Stead (Talking About O’Dwyer, 2000, etc.) takes a fellow New Zealander, short-story master Katherine Mansfield, as the protagonist of his listless tenth novel.
Not that the three years of Mansfield’s life covered here aren’t eventful: her beloved brother, Leslie Beauchamp, dies while giving grenade instruction to fellow soldiers in France; she spends a few days in the war zone making love with a French officer during one of the many low points in her ambivalent relationship with English literary man John (Jack) Middleton Murry; and the story closes in 1918 with her realization that she has TB, which the epilogue reminds us killed her five years later. But the focus is relentlessly inward; each chapter takes us inside the thoughts of a separate individual—Mansfield, Beauchamp, Murry, their friend Fred Goodyear (who also dies in the war), Frieda Lawrence, Dora Carrington—each one musing about their conflicted feelings in a way not nearly as interesting as the pioneering fiction of Mansfield herself or of Frieda’s husband.
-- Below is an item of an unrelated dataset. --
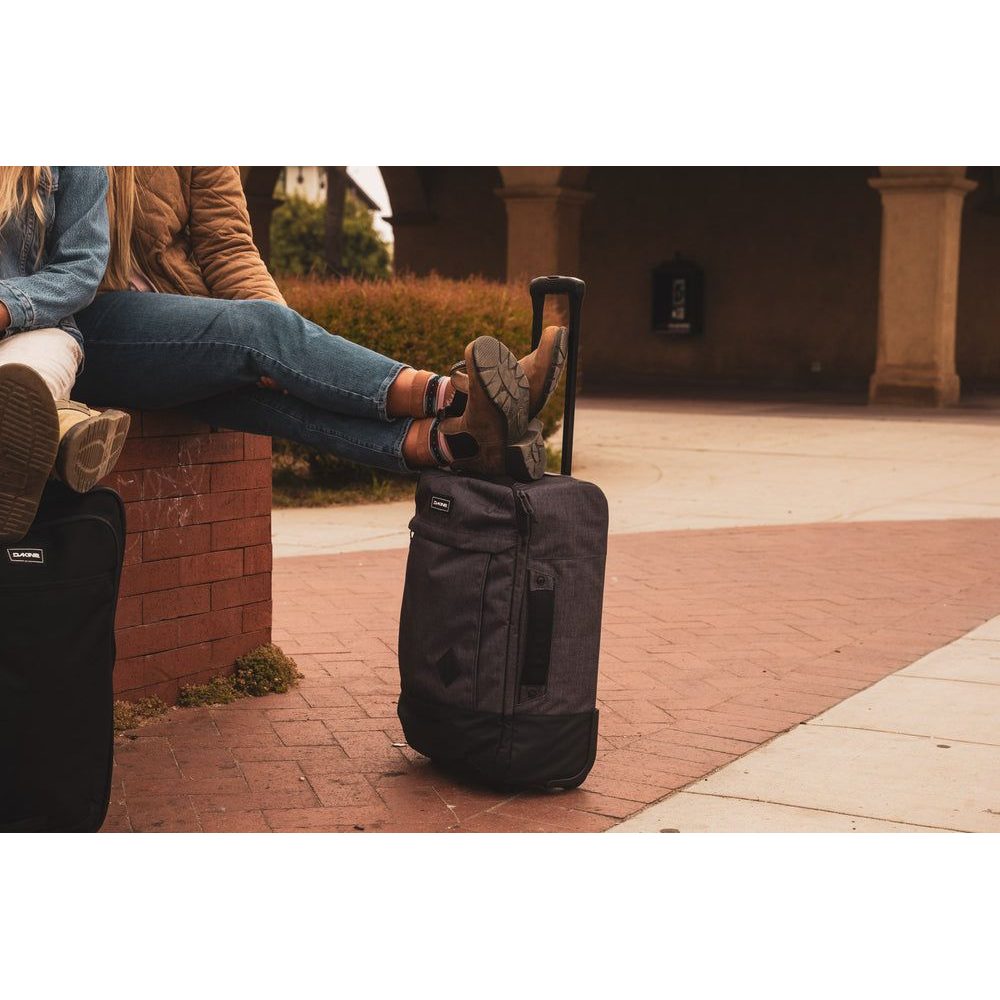 365 CARRY ON ROLLER 40L black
D.H. Lawrence is depicted at work during this period on Women in Love, based in part on his and Frieda’s charged friendship with Mansfield and Murry, but none of that novel’s stormy passion seeps into these pages. It’s all rather bloodless, right down to the parade of literary friends who make desultory appearances. T.S. Eliot, Aldous Huxley and Lytton Strachey are no more than sketches drawn from the ample shelf of books on this overstudied crowd; even “Bertie” Russell’s mildly amorous pursuit of Mansfield is . . . mild. Stead does manage a few sharp passages on Mansfield’s work, as she thinks over the urgings of Goodyear and D.H. Lawrence to move beyond being “too smart at the expense of common mortals” and concludes, “better honest about what I see around me . . . than a gypsy violinist playing oh so feelingly off the note.” That’s not enough of a revelation to redeem an excessively low-key narrative.
Relies too much on its characters’ famous names to hold the reader’s attention.